During the great March on Washington in 1963, as marchers for civil rights linked their arms and joined their voices together in song, Martin Luther King, Jr. preached that he dreamed of a day when the “jangling discords of our nation” would finally be transformed into “a beautiful symphony of brotherhood.” For King, this was more than a metaphor. Throughout his life he spoke about his belief that music had the power to transcend the differences between people and bring them together in the spirit of brotherhood.


When he was 10 years old, King listened live over the radio when Marian Anderson sang to a crowd of 75,000 gathered in front of the Lincoln Memorial at a concert organized by Eleanor Roosevelt after the great contralto was denied the stage at Constitution Hall. Hearing this concert made a lasting impression on King, who wrote five years later at the age of fifteen about the power of her singing that day and the effect it had on those who were listening, “She sang as never before, with tears in her eyes.
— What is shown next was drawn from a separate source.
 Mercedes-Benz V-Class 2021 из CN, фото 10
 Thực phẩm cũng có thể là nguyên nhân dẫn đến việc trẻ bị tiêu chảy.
When the words of ‘America’ and ‘Nobody Knows de Trouble I Seen’ rang out over that great gathering, there was a hush on the sea of uplifted faces, Black and white, and a new baptism of liberty, equality, and fraternity.” This “new baptism of fraternity (brotherhood)” echoed in King’s soul, and Marian Anderson’s stage that day, at the feet of Abraham Lincoln, would become the same location from which King himself would deliver his speech about the “beautiful symphony of brotherhood” almost 25 years later — with Marian Anderson herself standing on the stage beside him when he did.


Music played a very significant role in the civil rights movement, as it did for Martin Luther King personally. As we honor his life and legacy, we hear his resounding baritone voice echoing across time, the lyrics of spirituals and freedom songs pervading his speeches, the musical cadences of his powerful oratory resonating with the power to awaken our hearts and stir our souls. Some of the story of Martin Luther King’s love of music is told in a wonderful program co-produced by WNYC and NPR, titled “A Beautiful Symphony of Brotherhood: A Musical Journey Into the Life of Martin Luther King Jr.”
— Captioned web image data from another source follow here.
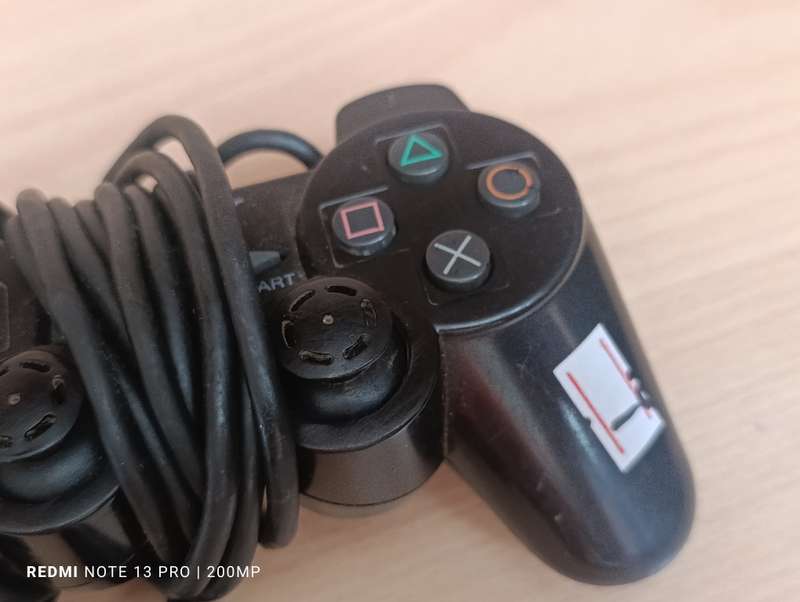 Playstation 2 Controller - FOR PARTS OR REPAIR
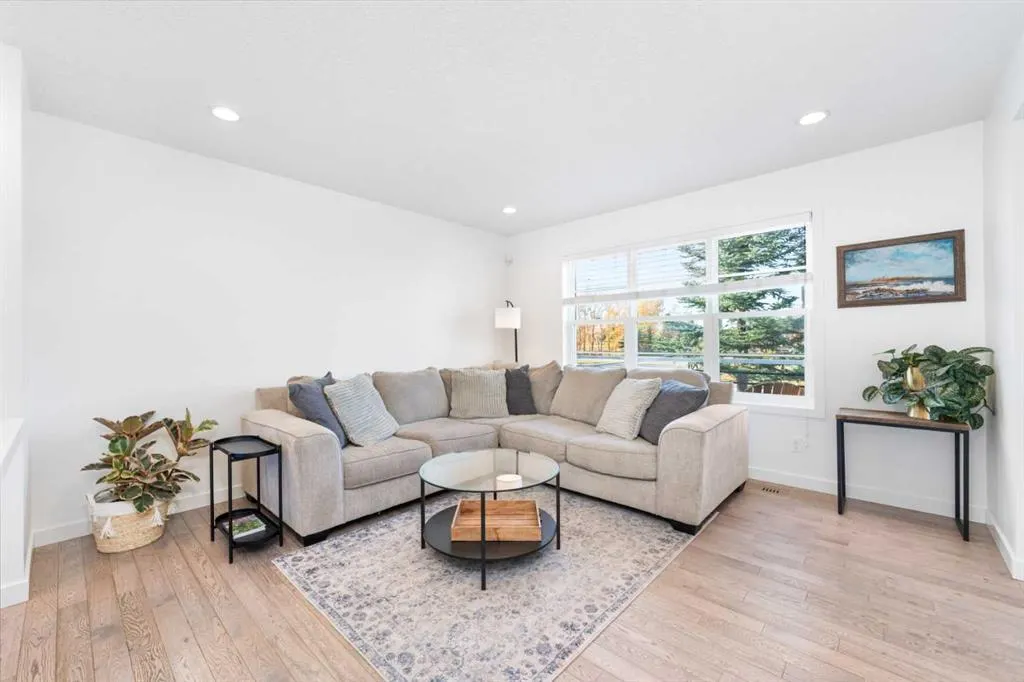 497 Walden Drive SE
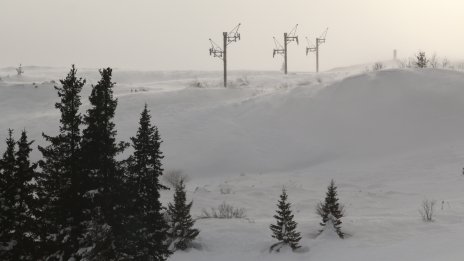 В планините е облачно и вали сняг, пистите работят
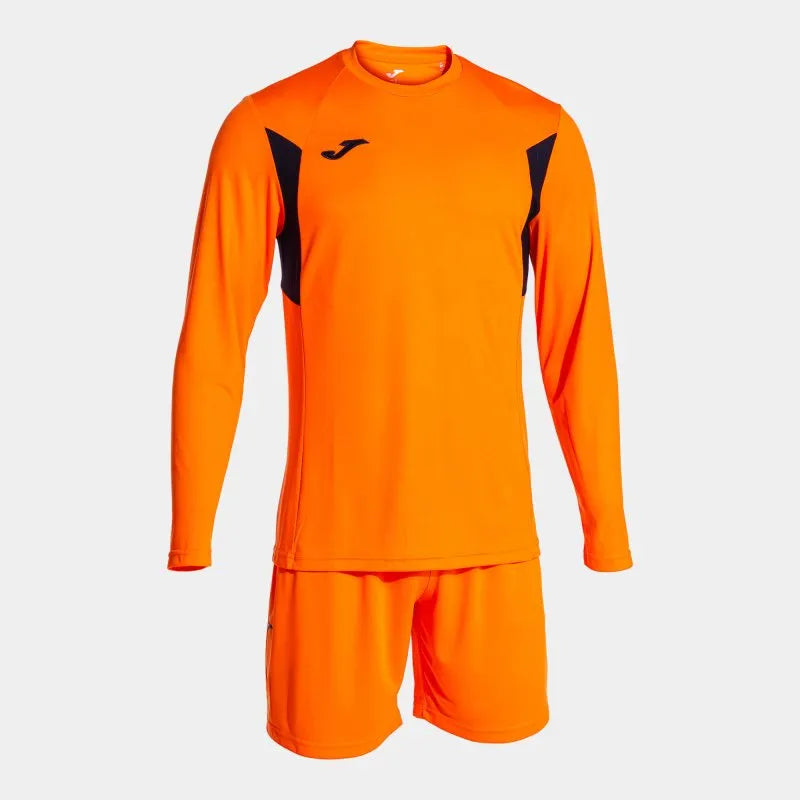 JOMA Winner Goalkeeper Set product image 1, provided for visual reference and product detail review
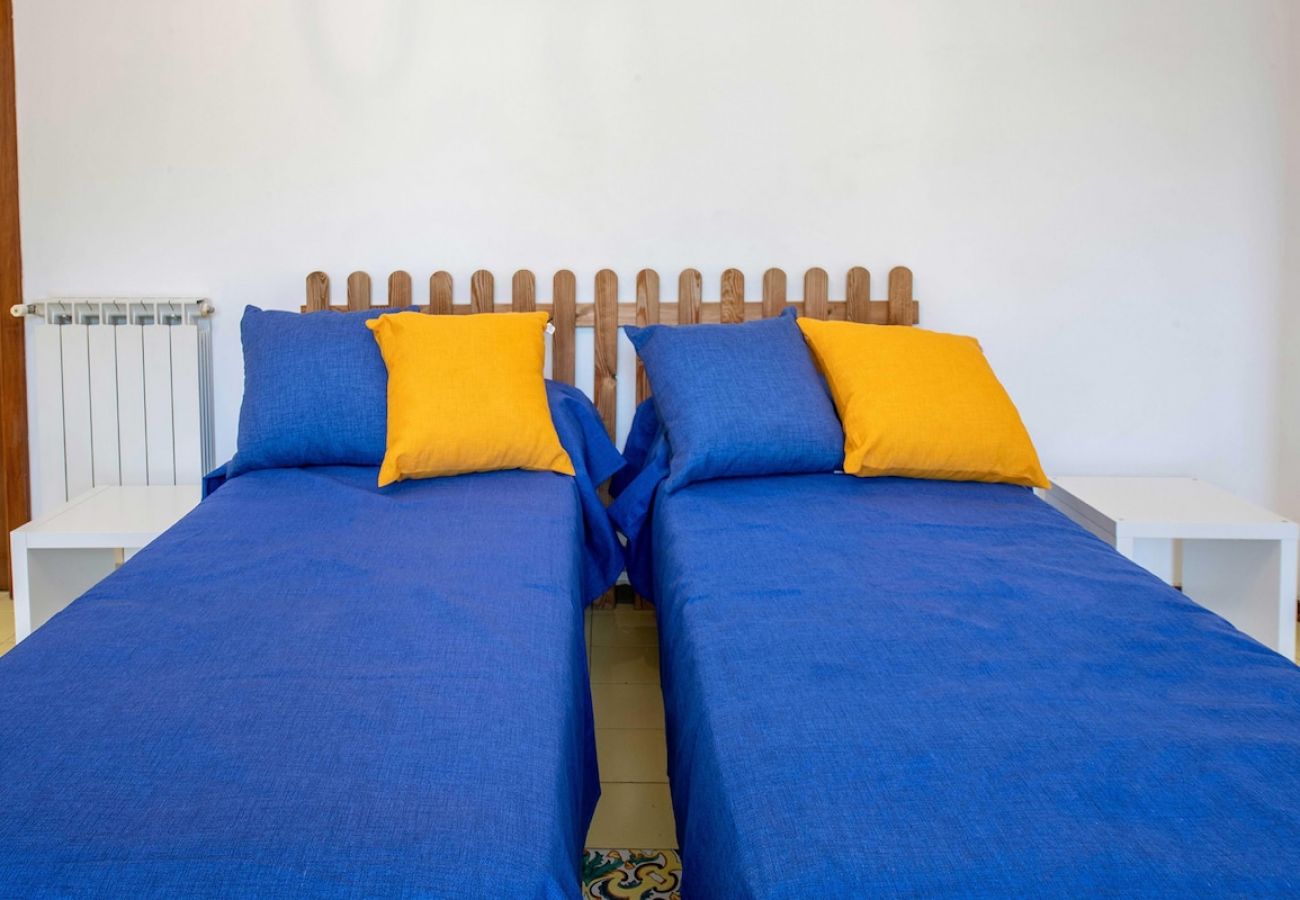 Appartamento a Sorrento - Apartment Bianca with shared pool,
Music played a central and formative role throughout King’s life, from the African-American spirituals and freedom songs, to classical symphonies and grand opera. His love of music began at home, and pervaded his life from the very moment he was born. King’s own mother, Alberta Williams King, was the organist and choir director at Ebenezer Baptist Church in Atlanta for 25 years, throughout King’s childhood, while his father served as pastor. King grew up singing in his mother’s choir and learning to play piano with her as his teacher. He went on to join the Glee Club when he became a student at Morehouse College.
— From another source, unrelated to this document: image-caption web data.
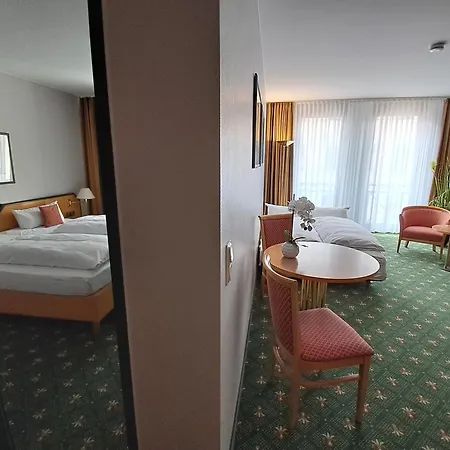 Balance Alte Messe 4*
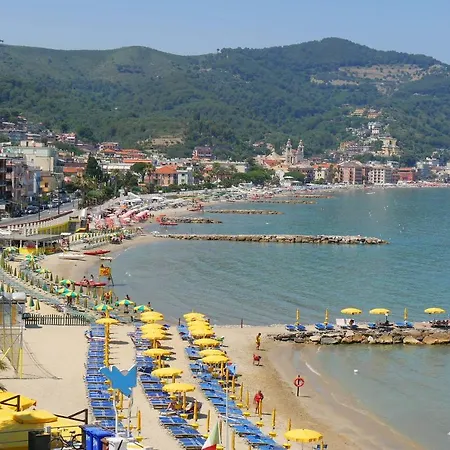 Gli Ulivi Al Mare - Panorama Sea View - Happy Alassio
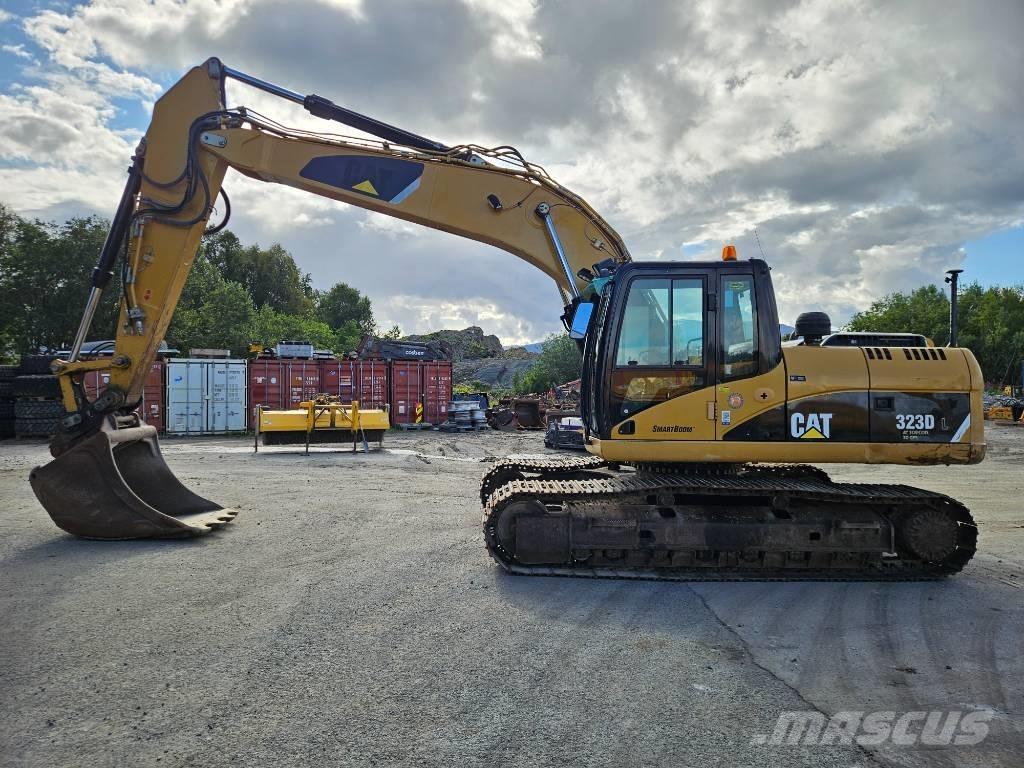 CAT 323 Koparki gąsienicowe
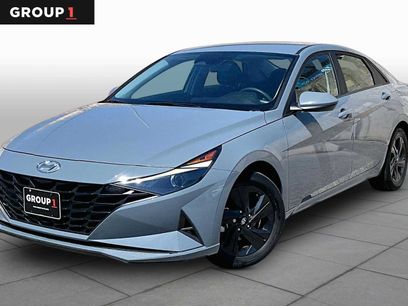 Used 2023 Hyundai Elantra SEL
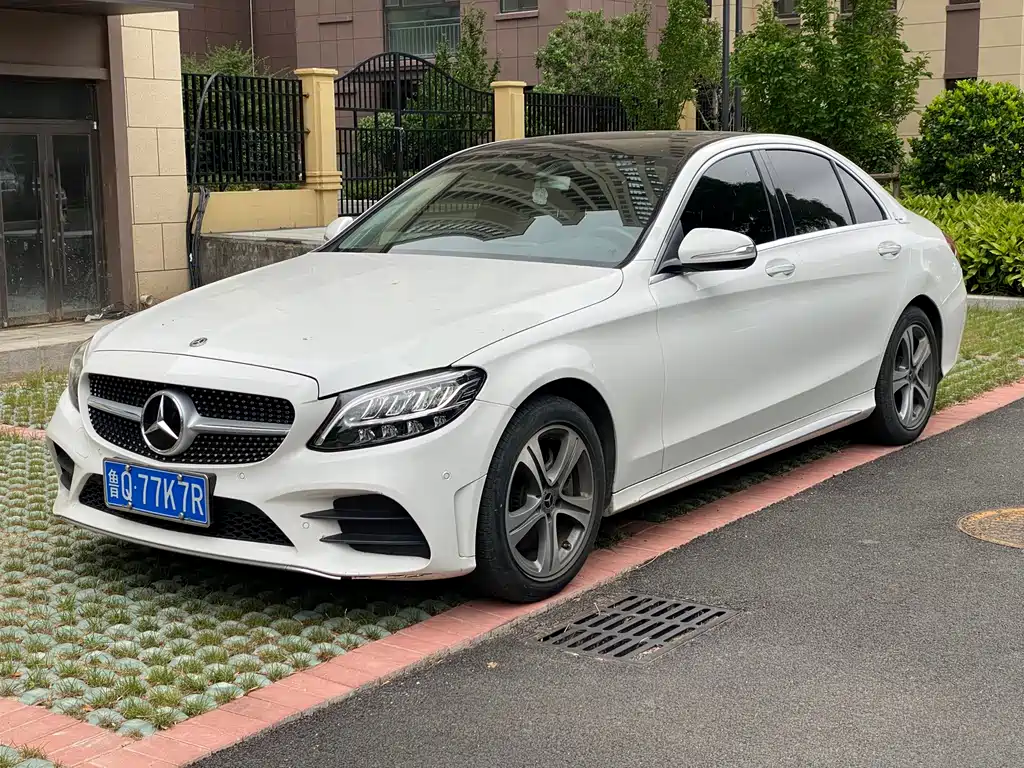 Mercedes-Benz C-Class 2020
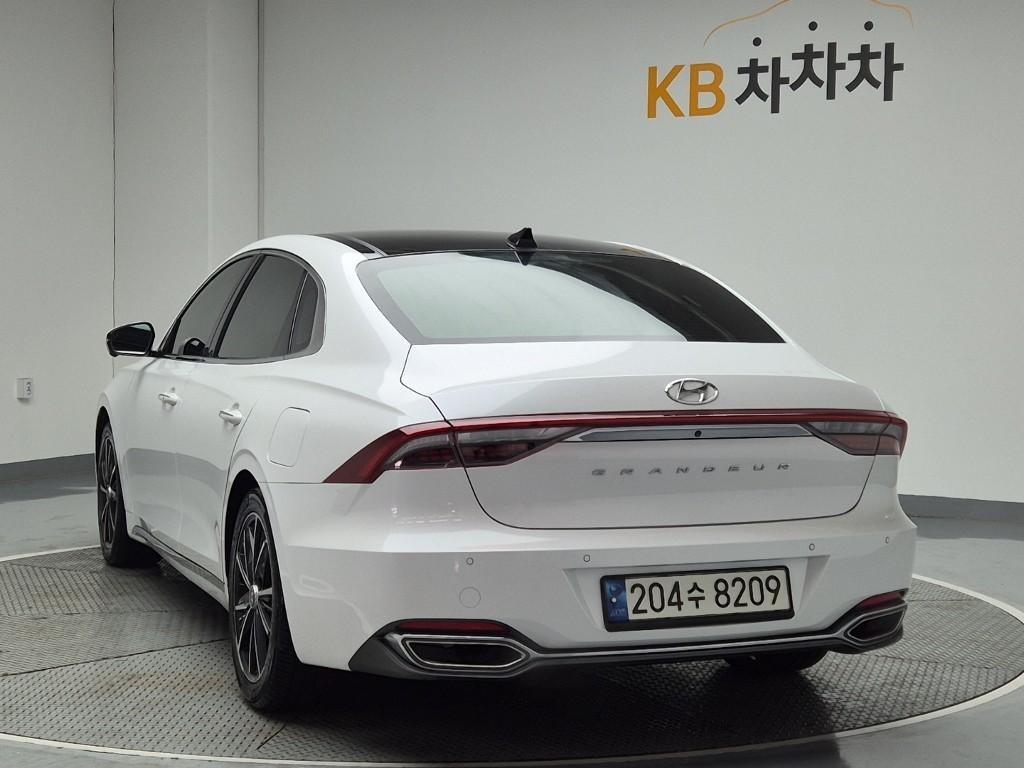 HYUNDAI Grandeur - Vista 2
In addition to the hymns and spirituals of his childhood, opera would come to play a unique and central role in his life. Following Marian Anderson's historic concert on the steps of the Lincoln Memorial, African-American opera singers began to break the color barrier and successfully secure leading roles on the stages of the great opera houses across the United States. In January 1955, Marian Anderson and Robert McFerrin made history, becoming the first African-American singers to perform on the stage at the Metropolitan Opera in New York, a significant breakthrough in the struggle for civil rights. King was certainly conscious of this victory. As he wrote in his autobiography, he listened regularly to the live radio broadcasts from the Metropolitan Opera on the car radio as he drove:

“On a cool Saturday afternoon, I set out to drive from Atlanta, Georgia, to Montgomery, Alabama. It was a clear wintry day. The Metropolitan Opera was on the radio with a performance of one of my favorite operas – Donizetti’s Lucia di Lammermoor. So with the beauty of the countryside, the inspiration of Donizetti’s inimitable music, and the splendor of the skies, the usual monotony that accompanies a relatively long drive – especially when one is alone was dispelled in pleasant diversions.”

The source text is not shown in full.